Changement climatique
L’Afrique et l’Union européenne rêvent de s’unir à 53 pays plus 27 pour être groupés en un front uni, à la négociation décisive de Copenhague en décembre 2009 sur le changement climatique. Le continent africain, réuni la semaine dernière à Alger (43 pays dont une trentaine de ministres), vient de se doter d’une déclaration commune sur le climat, mettant notamment en avant ses besoins de financement, la reconnaissance du phénomène de migrants climatiques et l’importance des forêts africaines dont celles du bassin du Congo dans la lutte contre l’effet de serre. En décembre 2009, la communauté internationale doit avoir finalisé le nouvel accord climatique qui prendra la relève du Protocole de Kyoto dont les premiers engagements expirent fin 2012. L’Afrique demande qu’y figure en bonne place la prise en compte des émissions de gaz à effet de serre dues à la déforestation et à la dégradation des forêts, qui comptent pour 20 % des émissions mondiales.
Thon
La Commission internationale pour la conservation des thonidés de l’Atlantique (ICCAT) a fixé la semaine dernière à Marrakech à 22 000 tonnes les prises de thons rouges en 2009, une décision qualifiée de « honte » par l’Organisation mondiale de protection de l’environnement. Le quota pour les prises de thons rouges en 2008 était de 28 500 tonnes. Selon l’instance internationale, l’Union européenne a inspiré la décision prise par l’ICCAT, avec le soutien du Maroc, de l’Algérie, de la Tunisie, de l’Egypte, de la Syrie et du Japon. Ce dernier avait dans un premier temps décidé de suivre les Etats-Unis, le Canada, le Mexique, la Norvège, l’Islande et le Brésil, favorables à un quota de 15 000 tonnes par an, limite haute des recommandations des scientifiques de l’ICCAT.

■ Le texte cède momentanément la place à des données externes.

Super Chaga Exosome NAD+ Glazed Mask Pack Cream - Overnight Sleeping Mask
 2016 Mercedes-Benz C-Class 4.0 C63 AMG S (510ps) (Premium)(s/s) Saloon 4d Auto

Cette 16e réunion extraordinaire de l’ICCAT, qui regroupe 46 pays membres, avait pour objectif d’évaluer la menace que la surpêche fait peser sur le thon rouge dans le bassin méditerranéen et d’envisager des mesures pour le protéger. Les organisations écologistes et certains pays sont favorables à un moratoire pur et simple.